» Problem details
Your answer must be an exact copy of the records below, with every picture left out.

= = = =

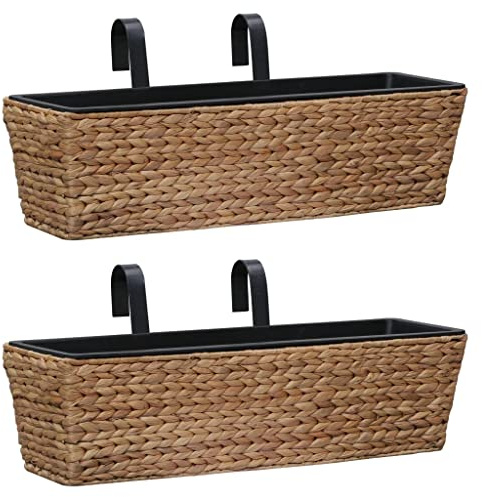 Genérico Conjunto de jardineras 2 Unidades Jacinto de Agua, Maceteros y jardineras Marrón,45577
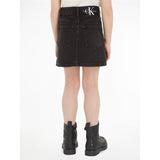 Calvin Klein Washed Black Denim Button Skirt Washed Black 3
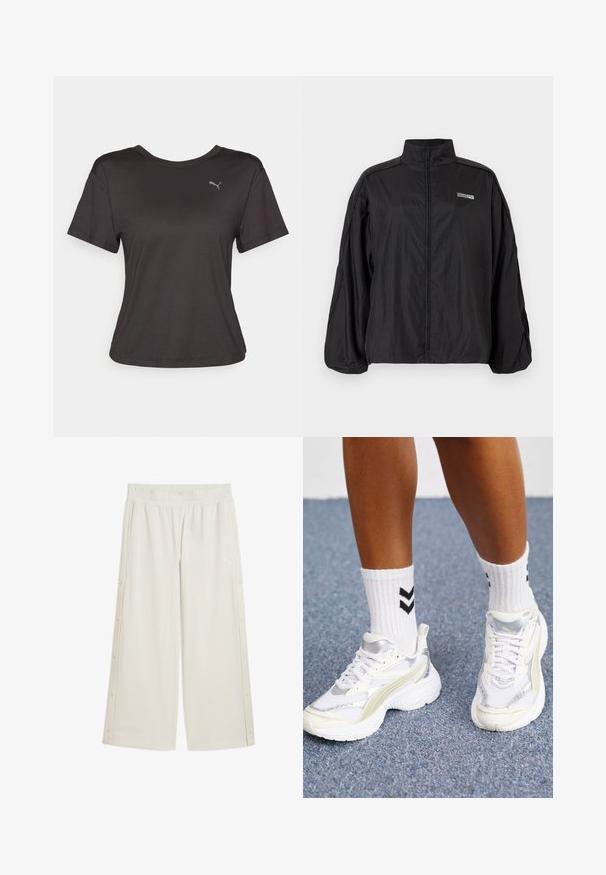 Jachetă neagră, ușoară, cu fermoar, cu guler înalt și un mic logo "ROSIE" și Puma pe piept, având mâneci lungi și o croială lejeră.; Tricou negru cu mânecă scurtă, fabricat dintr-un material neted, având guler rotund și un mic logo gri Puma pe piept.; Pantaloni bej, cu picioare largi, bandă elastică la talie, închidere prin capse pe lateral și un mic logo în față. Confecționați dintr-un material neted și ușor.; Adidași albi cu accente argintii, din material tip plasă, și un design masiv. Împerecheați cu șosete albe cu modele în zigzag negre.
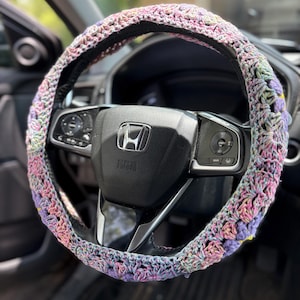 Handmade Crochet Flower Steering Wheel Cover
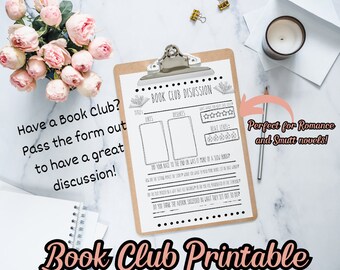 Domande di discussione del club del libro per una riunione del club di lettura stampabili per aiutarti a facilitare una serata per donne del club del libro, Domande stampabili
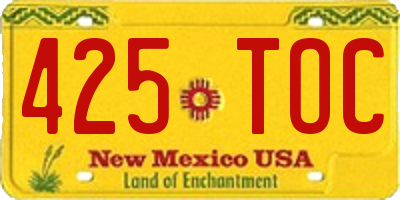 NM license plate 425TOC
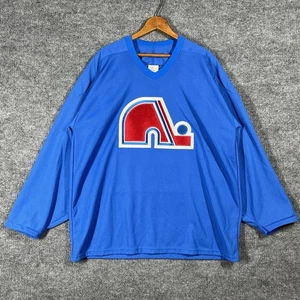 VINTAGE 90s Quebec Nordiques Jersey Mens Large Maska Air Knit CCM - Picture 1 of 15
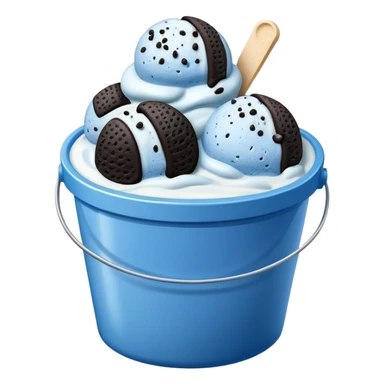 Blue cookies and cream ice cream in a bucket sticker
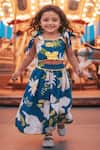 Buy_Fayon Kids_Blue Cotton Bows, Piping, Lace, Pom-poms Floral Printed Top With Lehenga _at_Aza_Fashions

= = = =

» Exercise output
 Genérico Conjunto de jardineras 2 Unidades Jacinto de Agua, Maceteros y jardineras Marrón,45577
 Calvin Klein Washed Black Denim Button Skirt Washed Black 3
 Jachetă neagră, ușoară, cu fermoar, cu guler înalt și un mic logo "ROSIE" și Puma pe piept, având mâneci lungi și o croială lejeră.; Tricou negru cu mânecă scurtă, fabricat dintr-un material neted, având guler rotund și un mic logo gri Puma pe piept.; Pantaloni bej, cu picioare largi, bandă elastică la talie, închidere prin capse pe lateral și un mic logo în față. Confecționați dintr-un material neted și ușor.; Adidași albi cu accente argintii, din material tip plasă, și un design masiv. Împerecheați cu șosete albe cu modele în zigzag negre.
 Handmade Crochet Flower Steering Wheel Cover
 Domande di discussione del club del libro per una riunione del club di lettura stampabili per aiutarti a facilitare una serata per donne del club del libro, Domande stampabili
 NM license plate 425TOC
 VINTAGE 90s Quebec Nordiques Jersey Mens Large Maska Air Knit CCM - Picture 1 of 15
 Blue cookies and cream ice cream in a bucket sticker
 Buy_Fayon Kids_Blue Cotton Bows, Piping, Lace, Pom-poms Floral Printed Top With Lehenga _at_Aza_Fashions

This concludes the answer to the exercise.